## Exercise inputs
--- START ---
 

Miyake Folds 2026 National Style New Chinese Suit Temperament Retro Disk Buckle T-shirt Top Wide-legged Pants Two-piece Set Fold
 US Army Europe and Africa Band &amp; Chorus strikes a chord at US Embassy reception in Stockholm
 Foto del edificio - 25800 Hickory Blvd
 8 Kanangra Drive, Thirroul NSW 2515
--- END ---
--- START ---
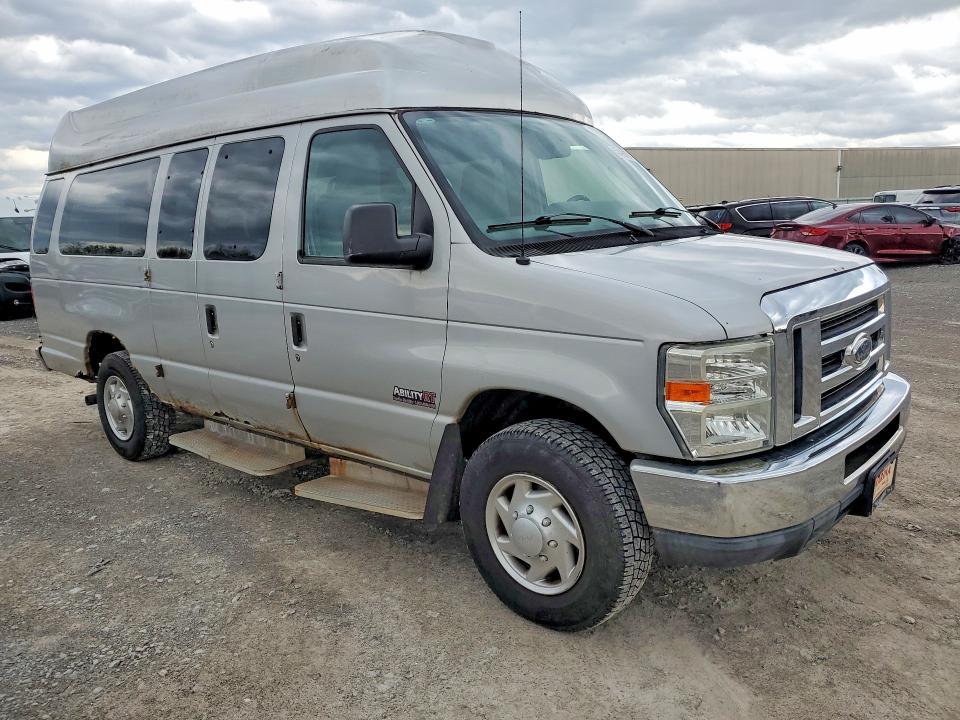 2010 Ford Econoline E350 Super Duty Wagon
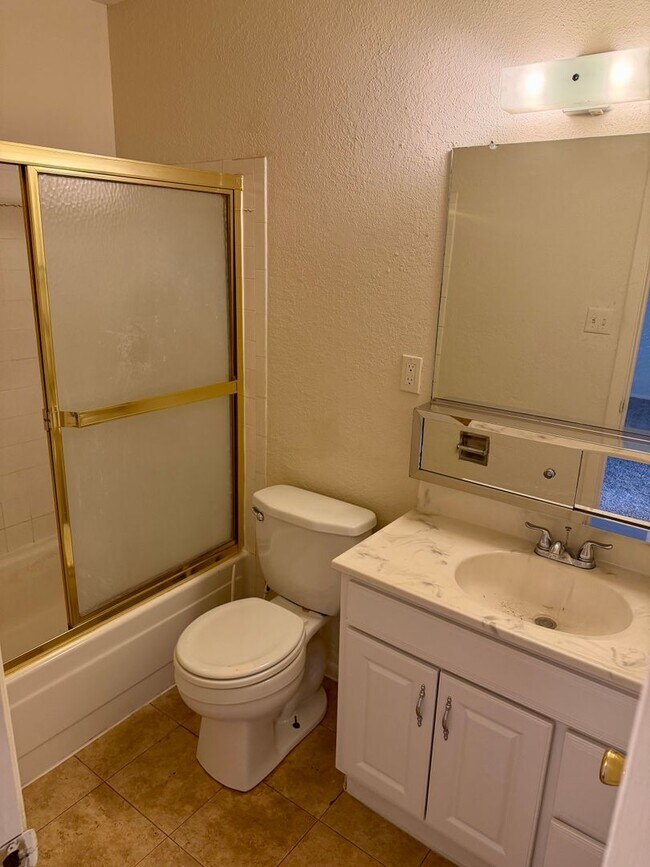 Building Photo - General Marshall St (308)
--- END ---
## Exercise
Give again, word for word, every line of the listing above from the one with "Miyake Folds 2026" to the one with "8 Kanangra Drive, Thirroul NSW 2515", both inclusive, and nothing beyond them.

## Answer for this exercise
Miyake Folds 2026 National Style New Chinese Suit Temperament Retro Disk Buckle T-shirt Top Wide-legged Pants Two-piece Set Fold
 US Army Europe and Africa Band &amp; Chorus strikes a chord at US Embassy reception in Stockholm
 Foto del edificio - 25800 Hickory Blvd
 8 Kanangra Drive, Thirroul NSW 2515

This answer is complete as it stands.